The proceeds of the sales tax will be used for protecting and conserving agricultural lands, scenic open spaces, wildlife habitat, wetlands and more. The fund helps maintain local hiking and biking trails, plus conserves water in the Colorado and Fraser rivers, lakes and streams.
The sales tax levy was first created in 2016 to fund the Grand County Open Lands, Rivers and Trails program. Thanks to voters approving the sales tax extension, several new environmental efforts will receive funding starting in 2024. First, the funding will benefit wildfire mitigation and prevention, which is especially important in the wake of disasters such as the East Troublesome Fire.

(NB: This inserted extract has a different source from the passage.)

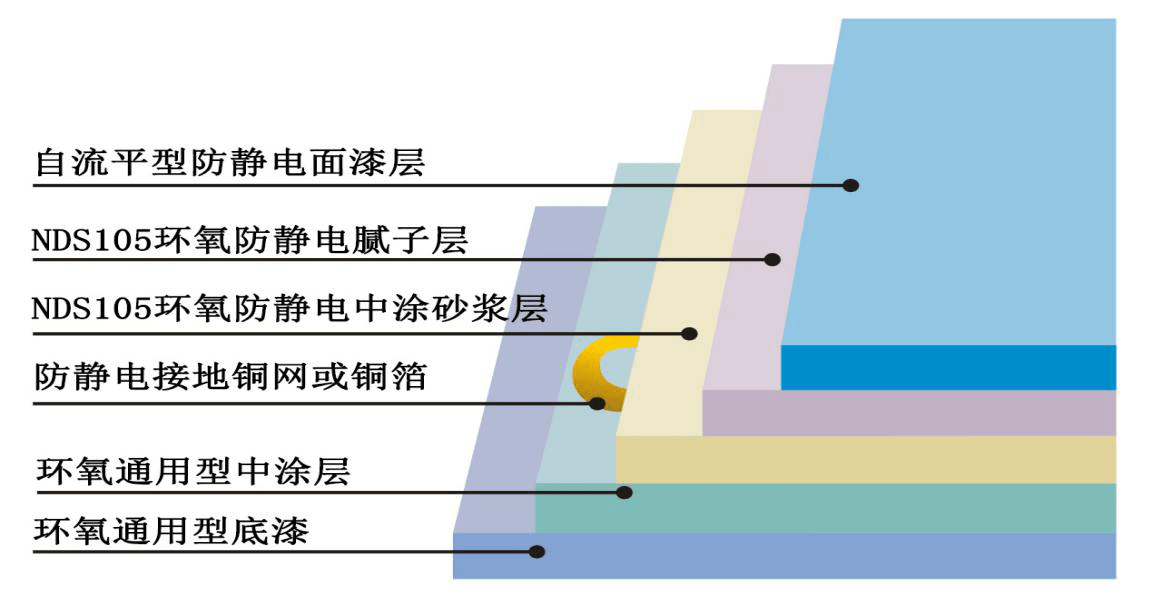 环氧自流平型防静电地坪施工步骤和性能特点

In addition, the funding will go towards creation of new hiking, biking, and multi-use trails, including motorized trails. Adding motorized trails to the funding is beneficial for towns whose economy relies on these trails, explained Meara McQuain, president and director of Headwaters Trails Alliance. For example, Grand Lake and Kremmling are home to numerous snowmobile trails.

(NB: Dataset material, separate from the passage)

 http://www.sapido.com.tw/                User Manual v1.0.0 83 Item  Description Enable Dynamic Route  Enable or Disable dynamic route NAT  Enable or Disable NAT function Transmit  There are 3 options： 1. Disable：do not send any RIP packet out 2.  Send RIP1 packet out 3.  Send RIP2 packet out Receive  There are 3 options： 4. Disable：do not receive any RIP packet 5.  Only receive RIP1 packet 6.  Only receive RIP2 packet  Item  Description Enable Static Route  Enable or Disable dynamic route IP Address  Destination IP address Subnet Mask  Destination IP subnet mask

Lastly, more water quality and river restoration projects will receive funding.
Community leaders celebrate the passing of Ballot Issue 1A
Jessica Rahn, executive director of the Grand County Wildfire Council
“Thank you to everyone in our community who supported extending this important piece of funding without raising taxes for open lands, rivers, trails, and now, wildfire mitigation. We’re excited that the community supported this and there will be local funding for wildland fire mitigation. There has been a substantial amount of planning, before and since our devastating fires, and these funds will go a long way to move projects from planning to useful fuels projects. Grand County Wildfire Council hopes to use a portion of these funds to leverage other available funding from our federal, state and regional partners for our programs, focusing on wildfire mitigation and education. Please visit our website at bewildfireready.org to learn more about our programs and how to reduce your wildfire risk.”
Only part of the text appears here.